*MATERIAL FOR THIS TASK*:

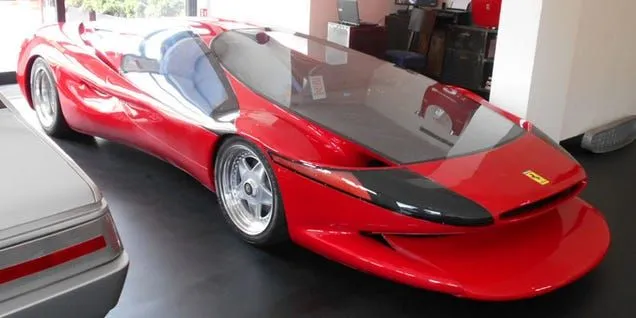 El Ferrari modificado más caro del mundo, una nave espacial - Taringa!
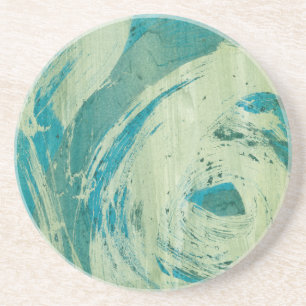 April Showers II Coaster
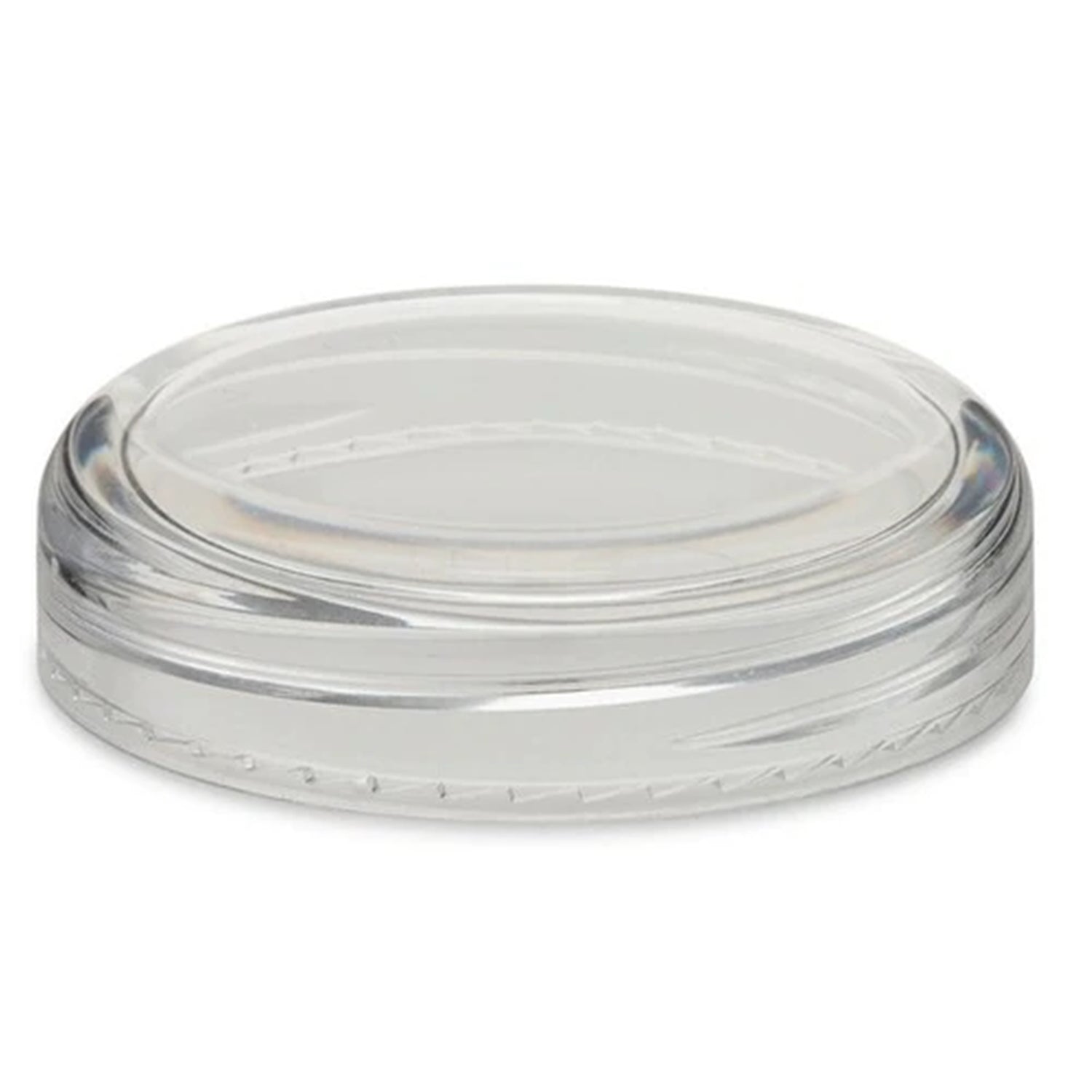 Clear Acrylic Containers, Sample Size-Wild Herb Your Healthy Choice for Natural Living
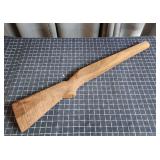 P3 Walnut Stock blank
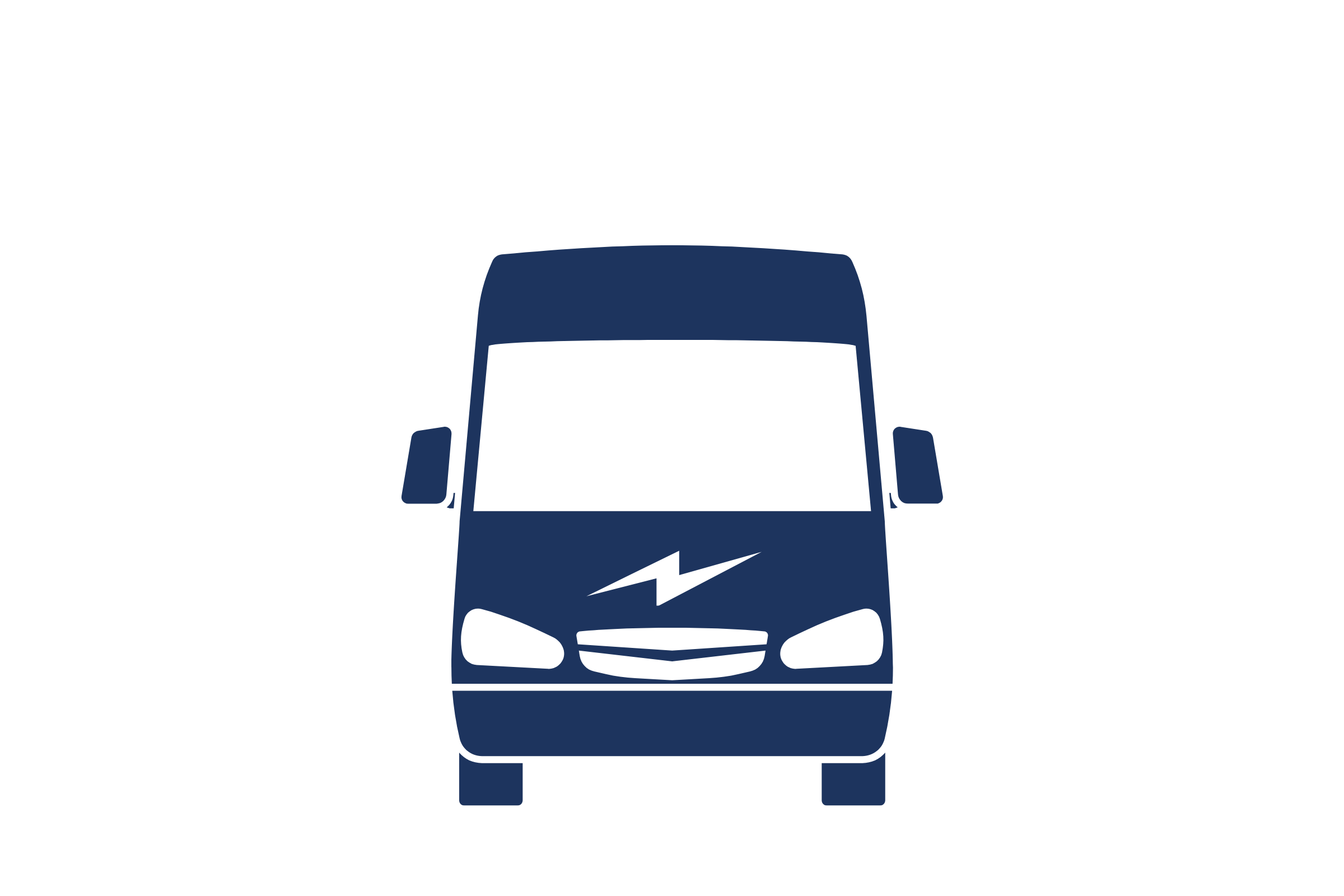 CA EV Delivery Vans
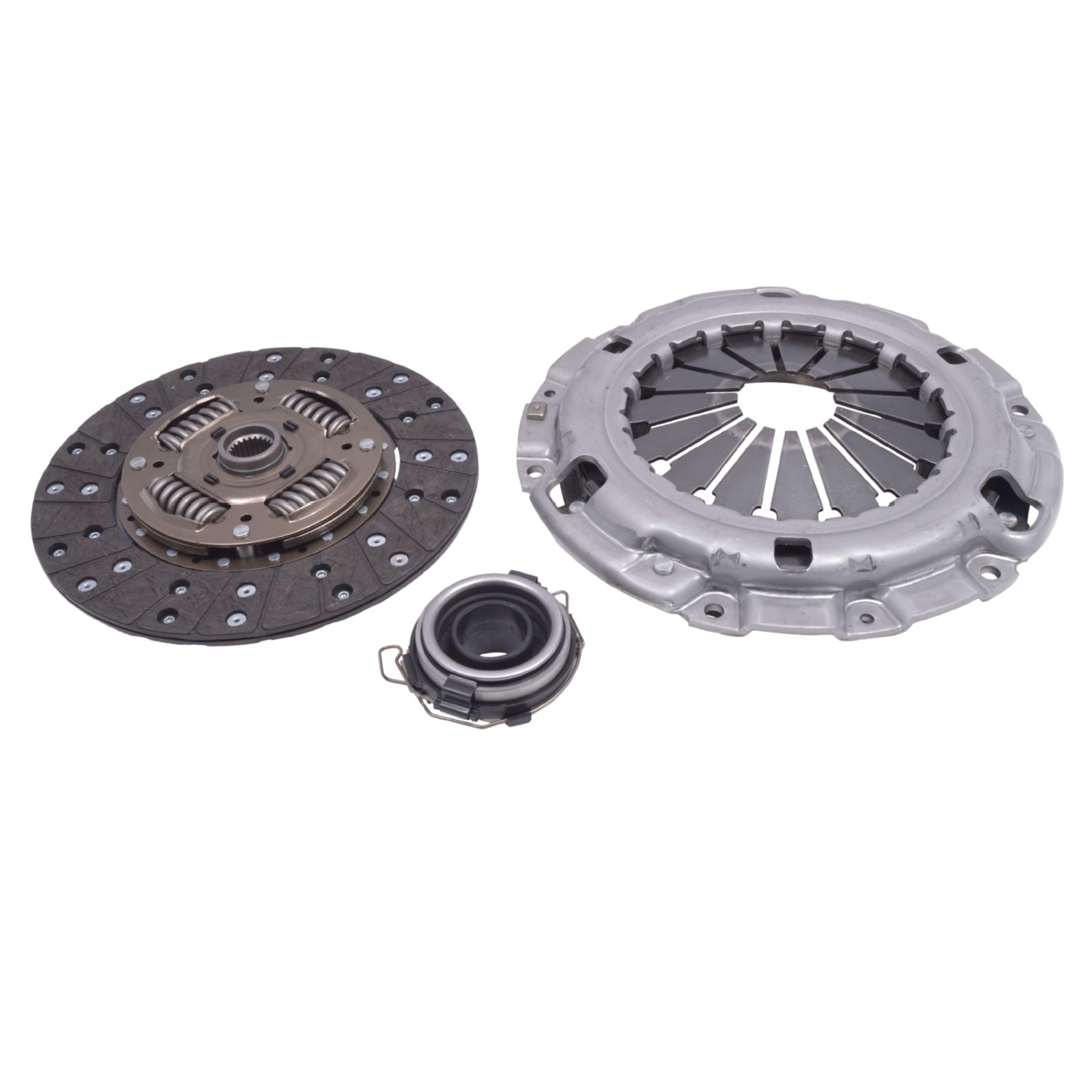 BLUE PRINT Clutch Kit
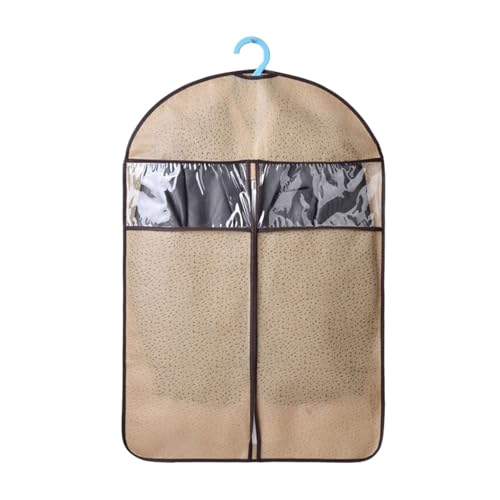 Feizikaw Unterbettkommode Aufbewahrungs-Organizer für Heimtextilien für Schlafzimmerkleidung,Vliesstoff,Aufbewahrungslösung Kleiderschränke,platzsparend,mittlere Größe,108 x 60 (B,108x60x2cm)
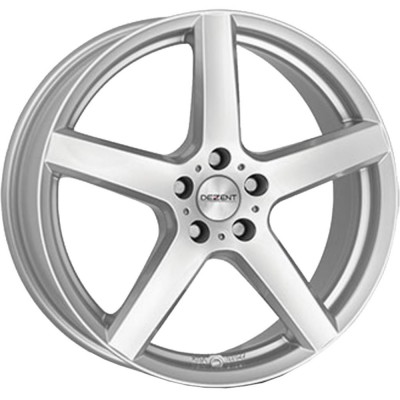 Dezent TY Silver 8x18 5x114.3 ET34 CB71,6 60° 750 kg TTYG0SA34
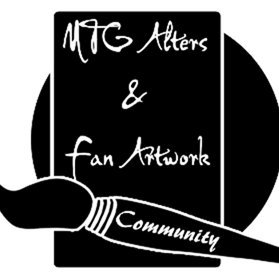 Showcasing the best in Altered Art, Fan Art and Magic Ephemera for over 6 years.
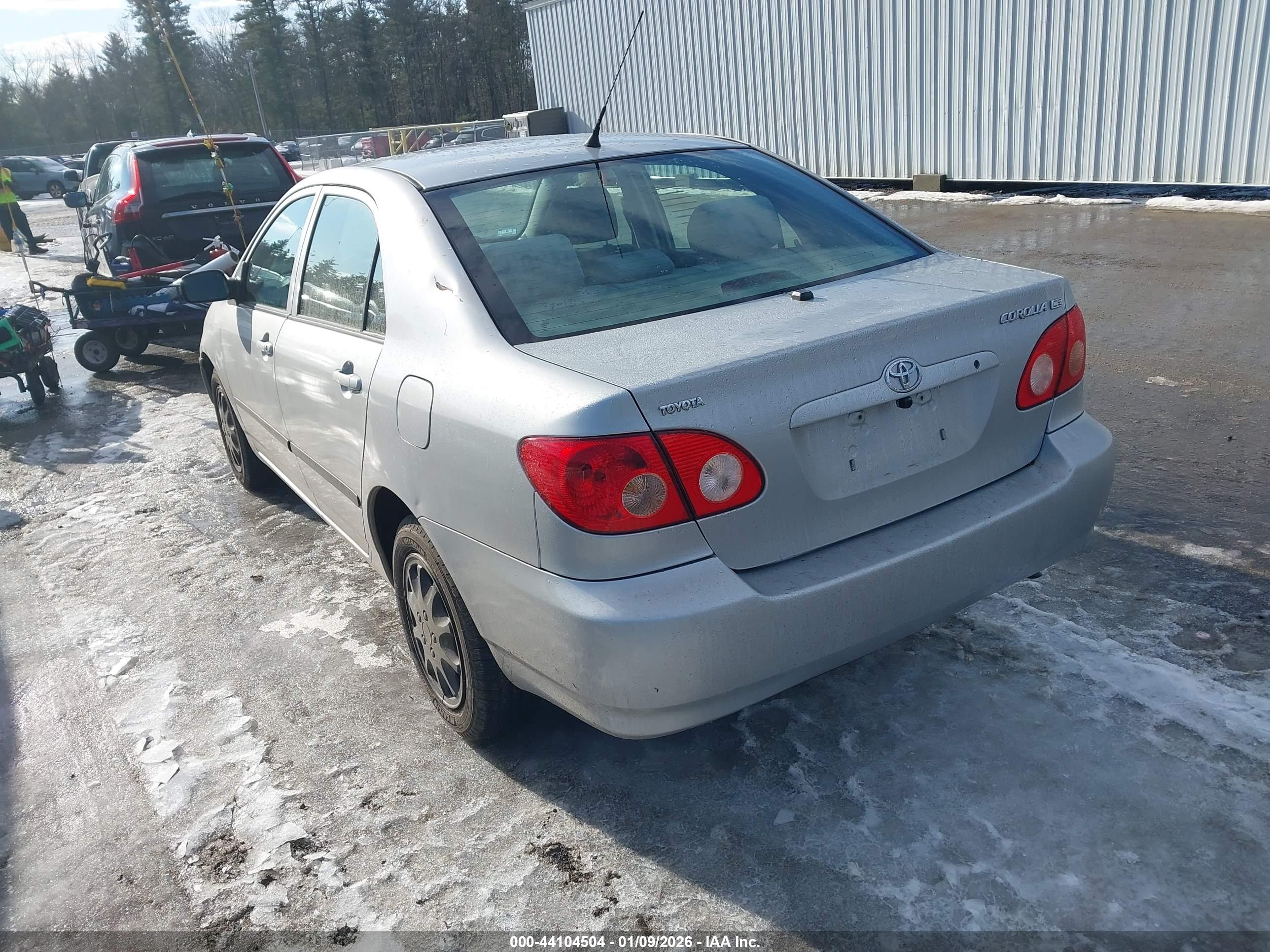 TOYOTA COROLLA image 3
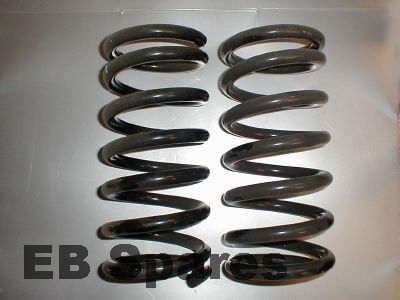 Front springs. All Spider 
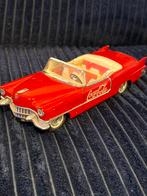 Coca-Cola Cadillac Modelauto van Solido, Ophalen of Verzenden, Gebruikt, Auto, Overige merken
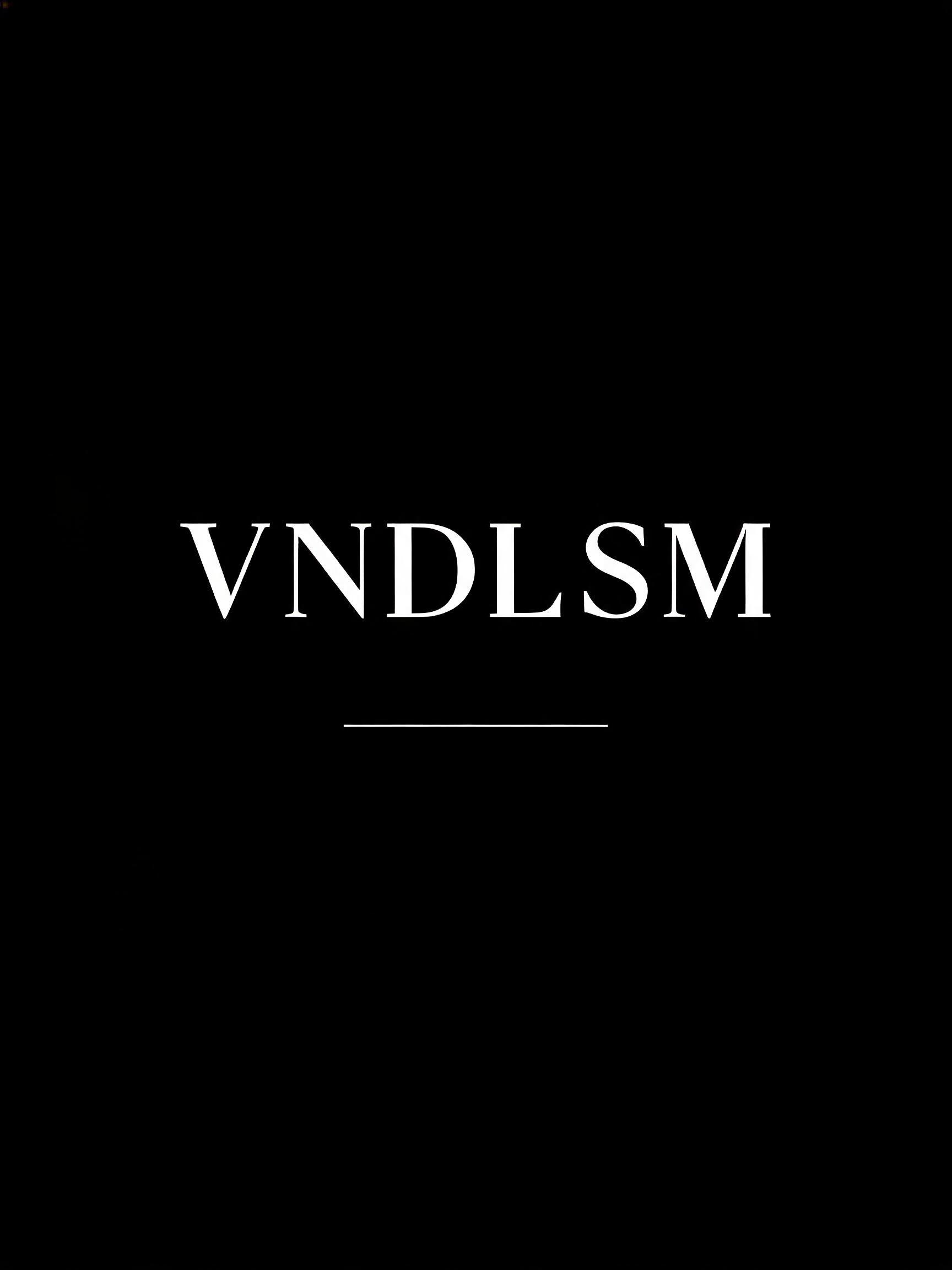 "V  N  D  L  S  M" — Vintage | AI Text Effect Generator
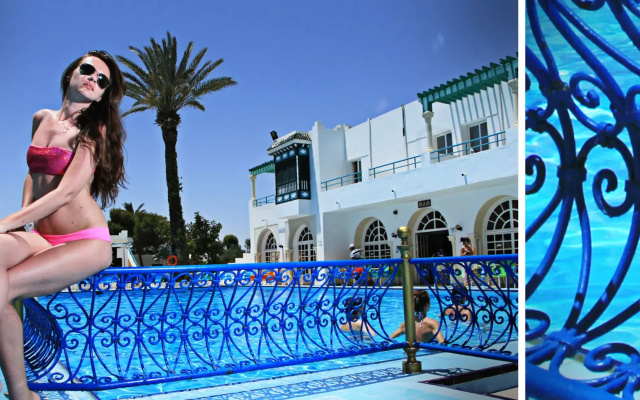 Garden Beach Monastir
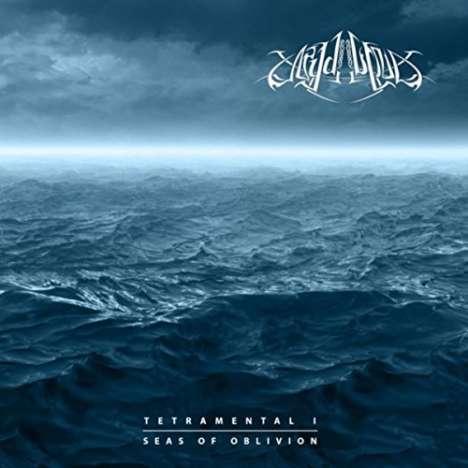 Nydvind: Seas Of Oblivion: Tetramental I, CD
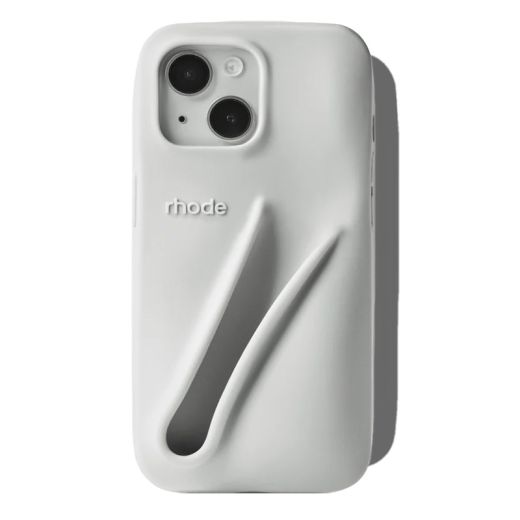 Силіконовий чохол Rhode Lip Case для iPhone 14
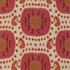 Brunschwig & Fils Fabric Samarkand Cotton And Linen Print Dusty Rose/Rust Fabric COTTON - 52%;LINEN - 48% United States </p><p>Repeat: H: 30, V: 19.25 48 - My Fabric Connection -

*HOW TO COMPLETE THIS TASK*: Leave the pictures out and copy exactly the lines from the one that holds "Coca-Cola Cadillac Modelauto" through the last line of the material.

*RESULT*:
 Coca-Cola Cadillac Modelauto van Solido, Ophalen of Verzenden, Gebruikt, Auto, Overige merken
 "V  N  D  L  S  M" — Vintage | AI Text Effect Generator
 Garden Beach Monastir
 Nydvind: Seas Of Oblivion: Tetramental I, CD
 Силіконовий чохол Rhode Lip Case для iPhone 14
 Brunschwig & Fils Fabric Samarkand Cotton And Linen Print Dusty Rose/Rust Fabric COTTON - 52%;LINEN - 48% United States </p><p>Repeat: H: 30, V: 19.25 48 - My Fabric Connection -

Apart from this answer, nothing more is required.